I use Alma Linux on one of my production servers. It's very stable. Never used Rocky Linux, but I would guess it's also similar i.e enterprise grade.

They were both created to replace CentOS, a free version of RHEL that Red Hat killed.

[–] Macaroni9538@lemmy.ml 1 points 1 year ago (1 children)

I'm not familiar with that world of linux, what sets rocky and alma aside from the rest of the distros

[–] hottari@lemmy.ml 2 points 1 year ago (1 children)

They are both supposed to be versions of a "free RHEL". You'll mostly find them used in the enterprise space where the big players are RHEL, OpenSuse Leap, Ubuntu, Oracle Linux etc.

[–] Macaroni9538@lemmy.ml 1 points 1 year ago (1 children)

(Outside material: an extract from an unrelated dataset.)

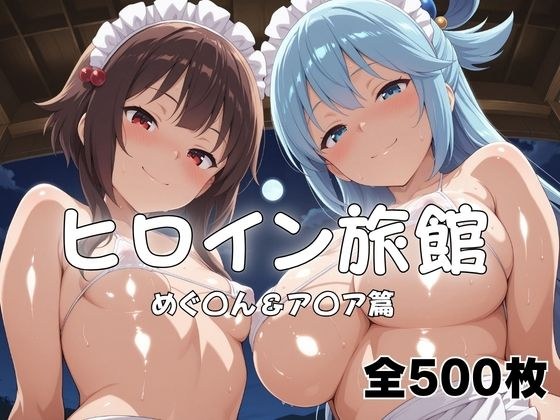 ヒロイン旅館へようこそ! めぐ◯ん&ア◯ア メイン画像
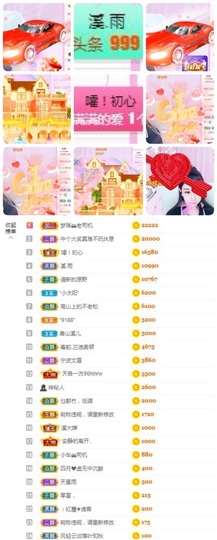 🎵小邓丽君🌺溪儿主播照片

Gotcha, I knew they were more enterprise oriented but wondering if there's any benefit of using an enterprise oriented distro just as an individual lol its foreign to me

[–] hottari@lemmy.ml 0 points 1 year ago

Only benefit you'll get is rock solid stable support at the cost of new kernel and desktop features trickling in very slowly (This is how everything in enterprise in general moves).

I would recommend using a distro geared towards desktop use such as Fedora.